Of course, it should be up to Poland to decide how large of a military it needs. But if the Poles really are worried about the prospect of Russian aggression or coercion, they should be doing much more. Instead, they want America to do the job for them, by establishing a military tripwire at their border.

Which leaves the ambassador to argue, who cares about strategic importance? Washington should guarantee Poland’s security because the Poles are nice people and it would be, well, kind of ignoble for Americans to risk their future only when their community had something fundamental at stake. There’s a certain appeal to that argument, but it’s always easier to be generous with other people’s lives and money on your own people’s behalf.

Moreover, the contention proves far too much. The same case can be made for Brazil, Chad, Myanmar, India, Georgia, Kyrgyzstan, Bolivia, Belize, Fiji, Ukraine, and just about everyone else. There are lots of nice people in the world. But that’s no reason to turn 18-year-old Americans into personal bodyguards for other peoples, bankrupting Washington in the process.

Most alliances are costly and risky, like NATO. Handing out security guarantees is not the same as giving away Valentines in class, where everyone gets a card. America should maintain alliances only when doing so makes Americans safer. Backing Poland against Russia does not. Instead, doing so multiplies risks facing the United States without providing any countervailing advantages.

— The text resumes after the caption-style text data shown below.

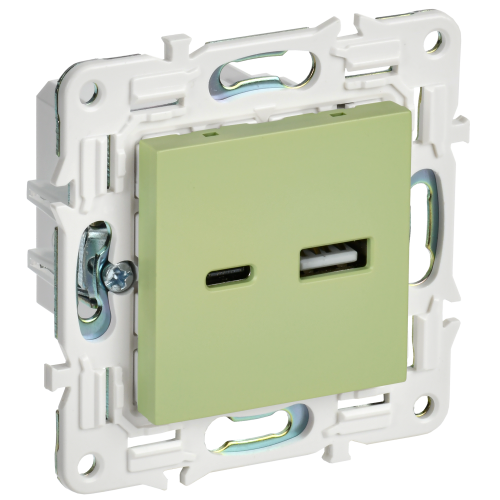 SKANDY Розетка USB A+C 3,1А SK-R14G мятный IEK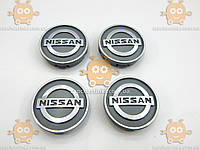 Эмблема колеса NISSAN (4шт) СЕРЫЕ пластик (колпачки колеса для титанов) (диаметр ф60мм) 171103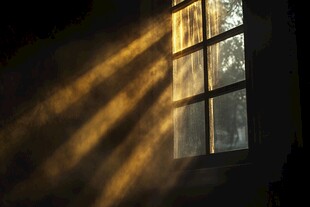 窗间洒入的温暖金色光束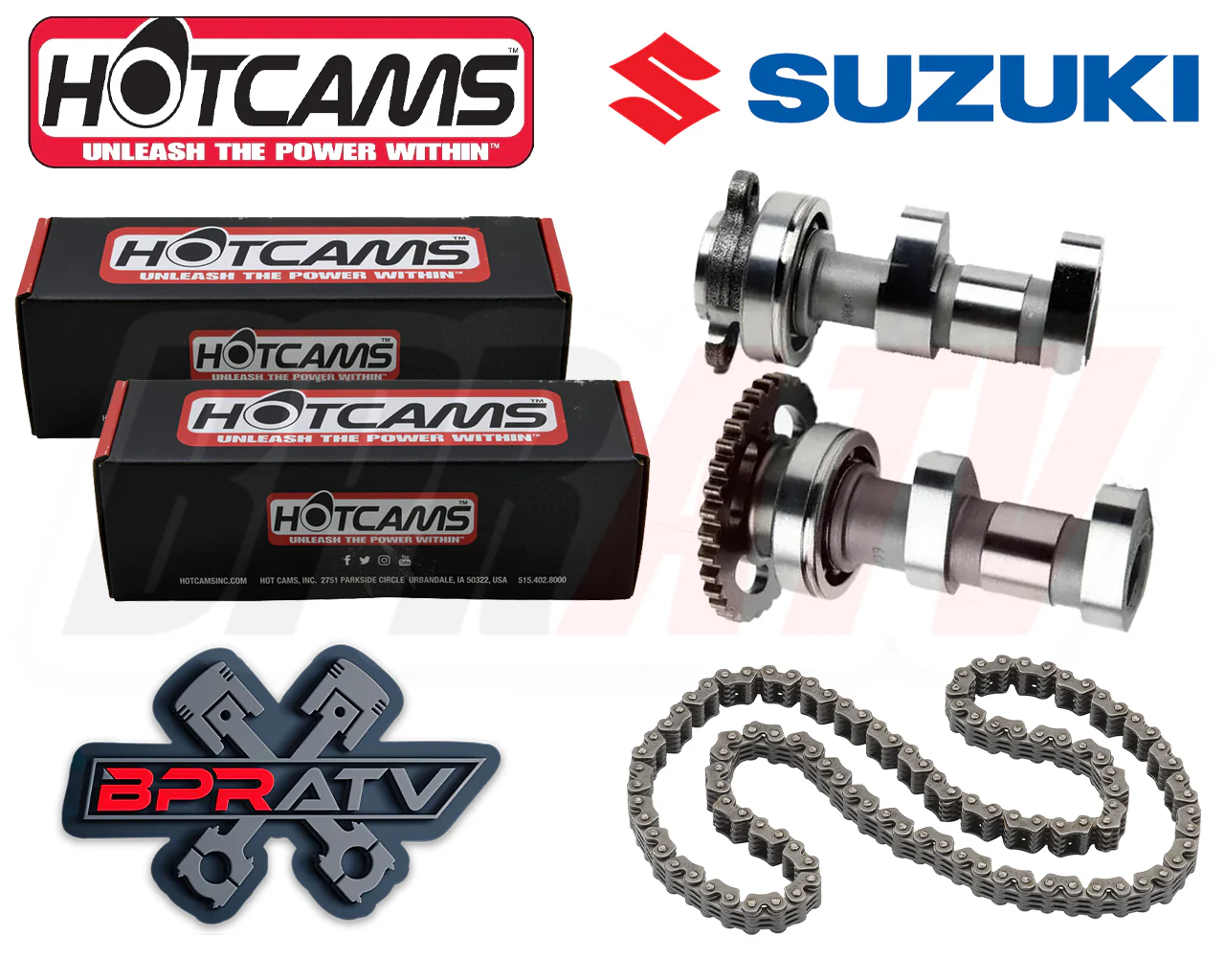 15-17 Suzuki RMZ450 RMZ 450 Hotcams Hot Cams Stage 2 TWO Camshafts BPR Cam Chain - Image 2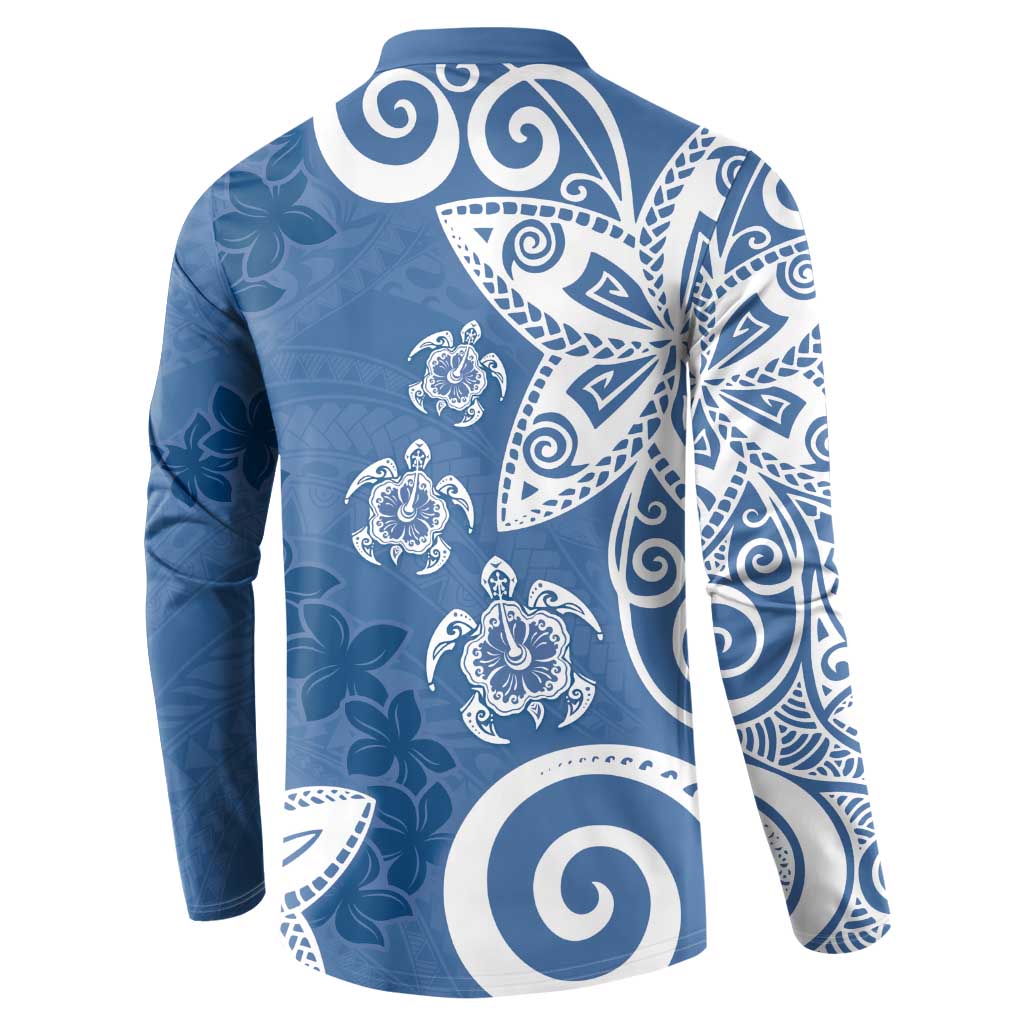 Polynesia Button Sweatshirt Blue Tribal Turtle Floral Pattern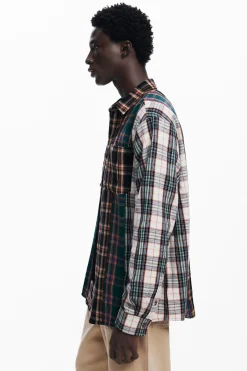 Patchwork checkered shirt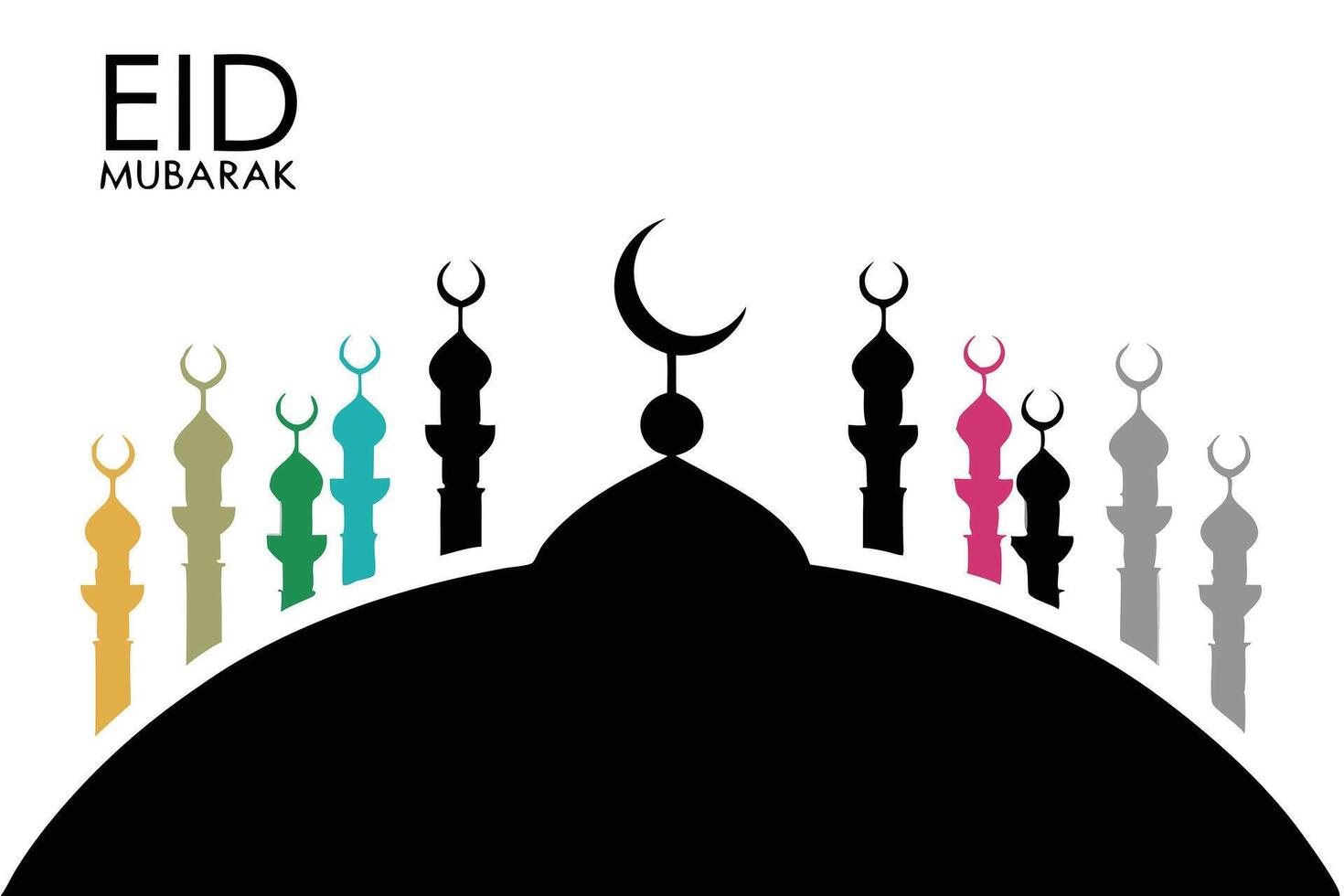 Bright and colorful Eid Mubarak card with mosque, crescent moon, and Islamic decorations, perfect for the festive holiday celebration vector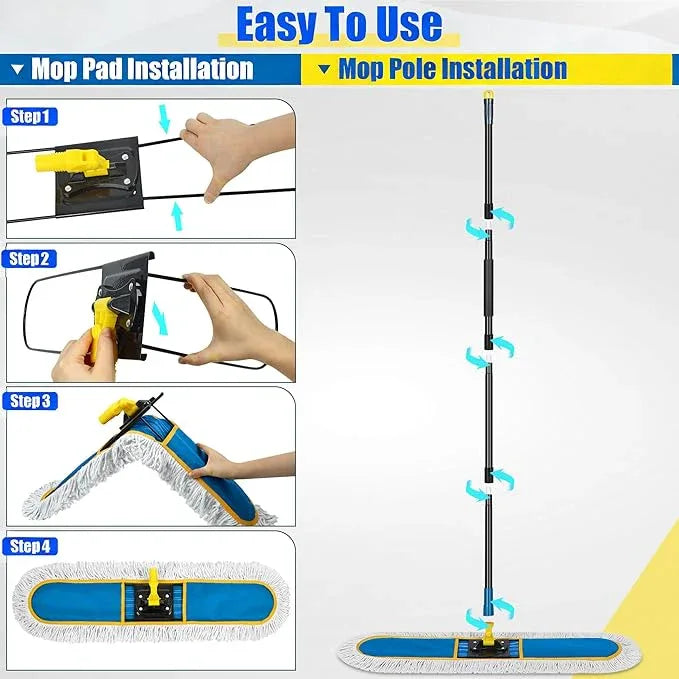 24" Commercial Dust Mop for Floor Cleaning, Heavy Duty Large Industrial Floor Duster with 2 Cotton Mops Pads, Wet Dry Mops for Hardwood Floors,Concrete,Marble,Laminate,Tile,Garage,Blue - NeatNest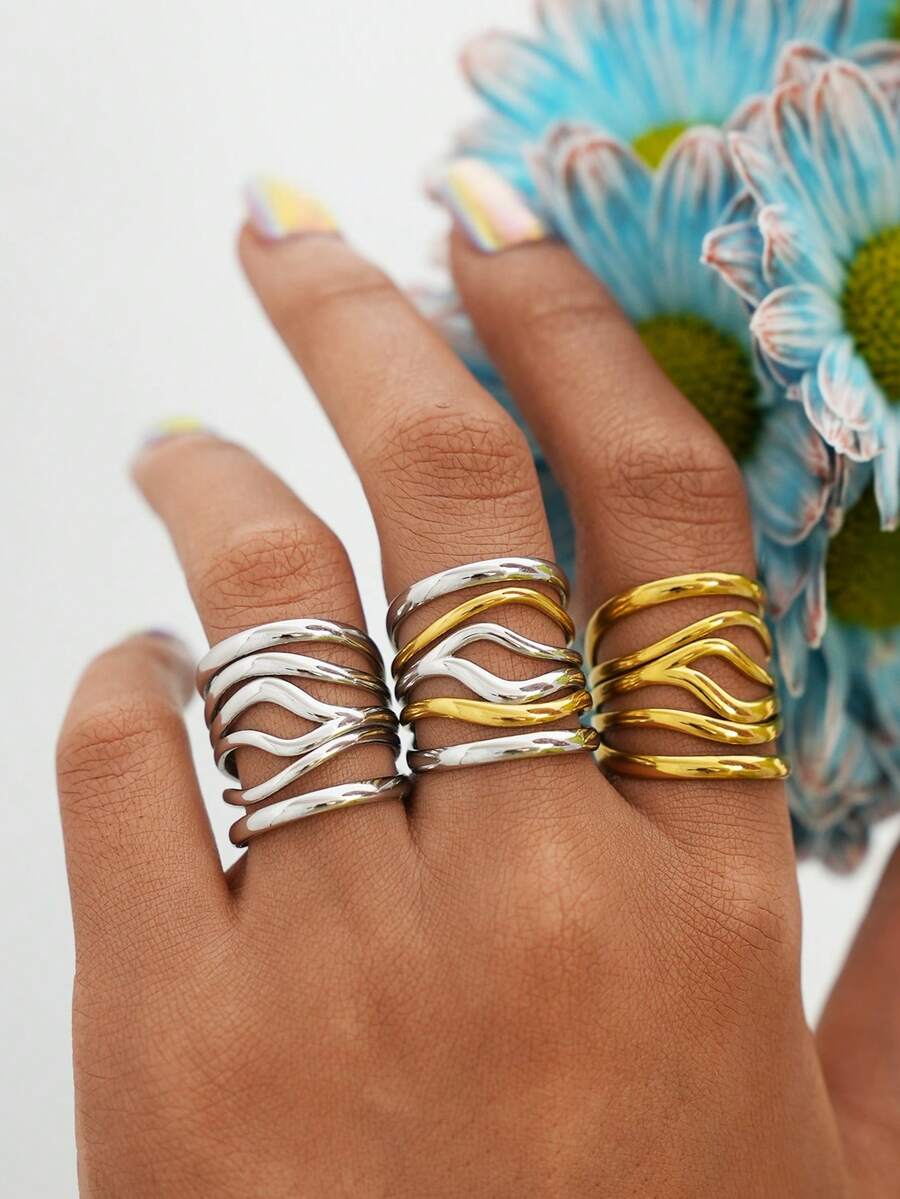 Frminee 3pcs/1pc Women's Line Geometric Gold Stainless Steel Ring Jewelry, Thick Personalized Minimalist Style, Suitable For Daily Wear, - Multicolor - View 1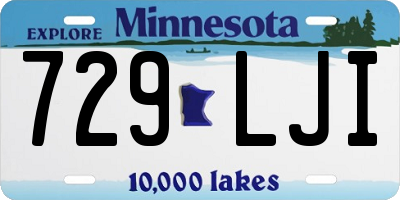 MN license plate 729LJI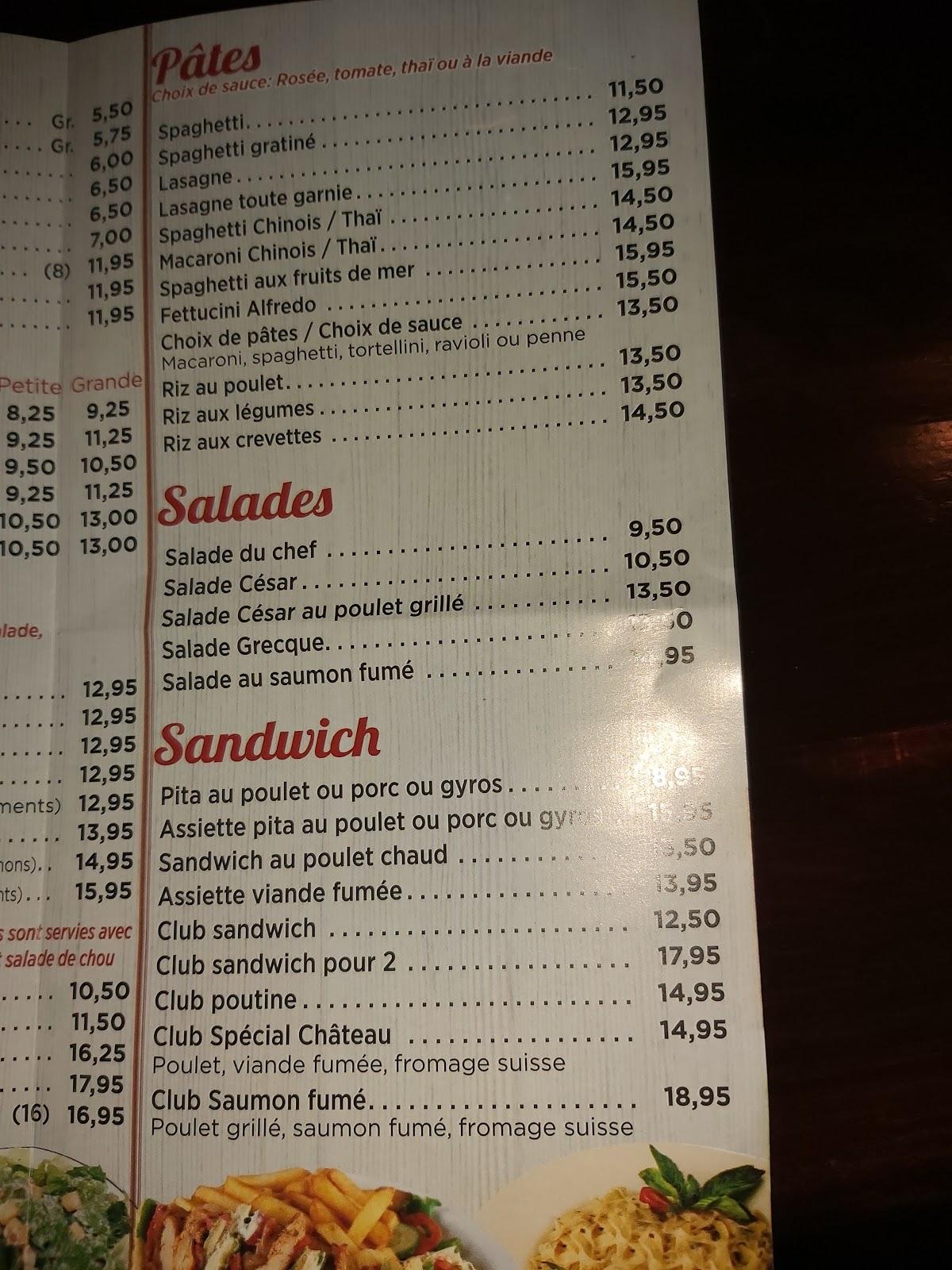 Menu au Resto Château StCésaire restaurant, SaintCésaire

There is much to appreciate about Polish-American ties over the years, even centuries. So, too, should Americans sympathize with the fact that Poland is located in a bad neighborhood. However, neither point is an argument for defending Poland. The promise to go to war is the most serious promise a state can make. That commitment should be limited to cases where the American people have fundamental, vital interests at stake.